# Nasen ... Erfahrungen? Algen?



## Doc (15. Mai 2011)

Hi zusammen,

ich war gestern mal wieder beim freundlichen Händler und habe in einem Becken Nasen entdeckt ... allerdings noch sehr kleine. Wie ich jetzt im Internet gelesen habe, werden die Fische mit der Zeit auch um einiges größer.

Hat jemand von Euch Erfahrungen mit diesen Fischen? 

Freue mich über Antworten.

Grüße


----------



## willi1954 (15. Mai 2011)

*AW: Nasen ... Erfahrungen? Algen?*

Moin

ich habe vor 4 Jahren ca 10 Nasen (etwa 10cm gross) eingesetzt. Man sieht sie fast nie, halten sich nur am Grund auf, allerdings im Sommer kommen sie in den Abendstunden auch zum Fressen an die Oberfläche. Dabei springen sie mit lautem Platschen aus dem Wasser. Ob sie Algen bekämpfen, wage ich zu bezweifeln. Zumindest ist hier nichts davon zu merken. Sie sind mittlerweile auch gewachsen und ca 25.. 30cm lang.

LG Willi


----------



## Doc (15. Mai 2011)

*AW: Nasen ... Erfahrungen? Algen?*

Moin Willi,

hat sich eigentlich erledigt ... habe gerade mal Google bemüht und gelesen, dass Nasen^^ eher Flussfische sind ... mit meinem kleinen Bachlauf wohl eher ungeeignet. 
Da frage ich mich natürlich, warum der Händler die Fische überhaupt für einen Teich anbietet ... Dein Teich ist natürlich auch um einiges größer.


----------



## canis (15. Mai 2011)

*AW: Nasen ... Erfahrungen?

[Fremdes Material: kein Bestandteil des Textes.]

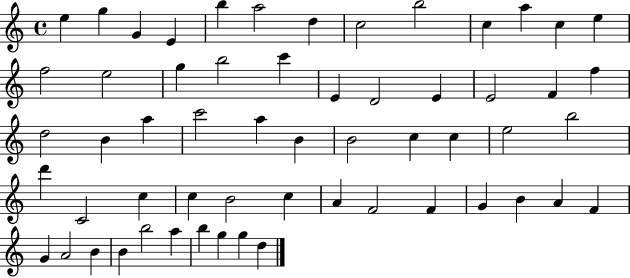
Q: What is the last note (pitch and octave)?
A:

Algen?*



Doc schrieb:


> Da frage ich mich natürlich, warum der Händler die Fische überhaupt für einen Teich anbietet ...



Weil Händler eben Händler sind und nicht zwingend Fischexperten. 

Auf jeden Fall ist es die richtige Entscheidung, keine Nasen in den Teich zu setzen!


----------



## Knoblauchkröte (16. Mai 2011)

*AW: Nasen ... Erfahrungen? Algen?*



Doc schrieb:


> ... habe gerade mal Google bemüht und gelesen, dass Nasen^^ eher Flussfische sind ... mit meinem kleinen Bachlauf wohl eher ungeeignet.
> Da frage ich mich natürlich, warum der Händler die Fische überhaupt für einen Teich anbietet ....



Hi,

ist doch ganz klar warum so was verkauft wird. Weil es immer noch Käufer gibt die mit Fischen Algen bekämpfen wollen anstatt ihre gemachten Fehler zu beseitigen

 In so kleinen Gewässern wie einem Gartenteich ist es eh völlig utopisch mit Fische die Algen entfernen zu wollen, den Fische sind darin mit eine der Hauptursachen für die Algenbelastung

MfG Frank


----------